Off-Payroll Tax – The Impact
In April 2017, Government introduced legislative changes to IR35 in the public sector, known simply as the ‘off-payroll rules’. Following the changes, public sector hirers are now responsible for determining the employment status of the contractors they engage, and both they and agencies are liable for any unpaid taxes due to an incorrect assessment.
To avoid the tax liability risk that accompanies an ‘outside IR35’ assessment, many organisations have deemed all their genuinely self-employed contractors to be caught by IR35 and be a ‘deemed employee’ when they are clearly not nor treated as one.
When this happens, the contractor is forced to pay employment taxes without the equivalent employment rights.

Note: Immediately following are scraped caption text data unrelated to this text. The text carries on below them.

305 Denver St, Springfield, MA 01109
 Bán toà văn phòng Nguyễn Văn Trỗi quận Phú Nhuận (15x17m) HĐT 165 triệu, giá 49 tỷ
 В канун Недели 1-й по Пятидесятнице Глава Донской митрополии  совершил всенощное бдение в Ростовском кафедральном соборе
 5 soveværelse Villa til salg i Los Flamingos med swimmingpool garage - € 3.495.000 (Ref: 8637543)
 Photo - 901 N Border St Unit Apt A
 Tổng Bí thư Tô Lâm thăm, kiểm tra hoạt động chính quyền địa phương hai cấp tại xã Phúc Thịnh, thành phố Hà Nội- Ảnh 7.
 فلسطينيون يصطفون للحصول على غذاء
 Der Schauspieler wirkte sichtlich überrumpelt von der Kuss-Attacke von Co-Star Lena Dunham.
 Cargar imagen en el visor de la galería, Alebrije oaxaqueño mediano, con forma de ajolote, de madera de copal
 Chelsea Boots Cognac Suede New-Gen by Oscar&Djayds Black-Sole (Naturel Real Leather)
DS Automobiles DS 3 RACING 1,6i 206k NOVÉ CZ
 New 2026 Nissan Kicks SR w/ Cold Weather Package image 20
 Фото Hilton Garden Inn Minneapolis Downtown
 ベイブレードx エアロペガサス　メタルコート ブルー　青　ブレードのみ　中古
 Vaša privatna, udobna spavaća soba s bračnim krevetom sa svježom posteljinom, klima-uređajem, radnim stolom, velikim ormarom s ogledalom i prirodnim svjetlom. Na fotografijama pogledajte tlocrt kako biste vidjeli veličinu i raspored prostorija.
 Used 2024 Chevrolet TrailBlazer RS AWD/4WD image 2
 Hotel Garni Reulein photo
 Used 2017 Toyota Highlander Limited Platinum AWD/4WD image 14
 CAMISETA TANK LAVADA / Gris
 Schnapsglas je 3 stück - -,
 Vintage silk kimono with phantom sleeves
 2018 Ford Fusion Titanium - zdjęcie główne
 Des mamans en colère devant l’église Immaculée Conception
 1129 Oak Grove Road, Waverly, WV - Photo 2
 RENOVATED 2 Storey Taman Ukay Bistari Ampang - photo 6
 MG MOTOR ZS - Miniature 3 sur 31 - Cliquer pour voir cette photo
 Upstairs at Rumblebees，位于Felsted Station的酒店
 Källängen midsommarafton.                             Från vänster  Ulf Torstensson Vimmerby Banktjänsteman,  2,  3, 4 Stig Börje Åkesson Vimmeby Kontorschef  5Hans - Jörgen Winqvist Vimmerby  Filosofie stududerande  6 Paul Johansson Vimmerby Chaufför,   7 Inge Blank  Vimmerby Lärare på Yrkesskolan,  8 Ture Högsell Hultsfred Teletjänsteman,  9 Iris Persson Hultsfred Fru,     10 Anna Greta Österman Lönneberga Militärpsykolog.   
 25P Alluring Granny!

Non-compliance amongst agencies, which HMRC has failed to clamp down on, has meant many contractors are also footing the bill for employer’s National Insurance through their limited company.
The Off-Payroll Tax has caused widespread damage to the public sector through poor implementation and misinformation spread by HMRC. The damage was exacerbated by HMRC’s flawed Check Employment Status for Tax (CEST) tool, which was developed to try and help firms assess IR35 status. HMRC has been unable to provide any detailed evidence that the Check Employment Status for Tax (CEST) tool is accurate and recent tribunal evidence demonstrates it often gives the wrong answer!
If you are a permanent employee who can’t understand what all the fuss is about, consider this: being caught outside IR35 means that, although your salary remains the same, you are forced to pay your company’s 13.8% tax bill out of your own salary, and in addition, all of your employment rights are lost.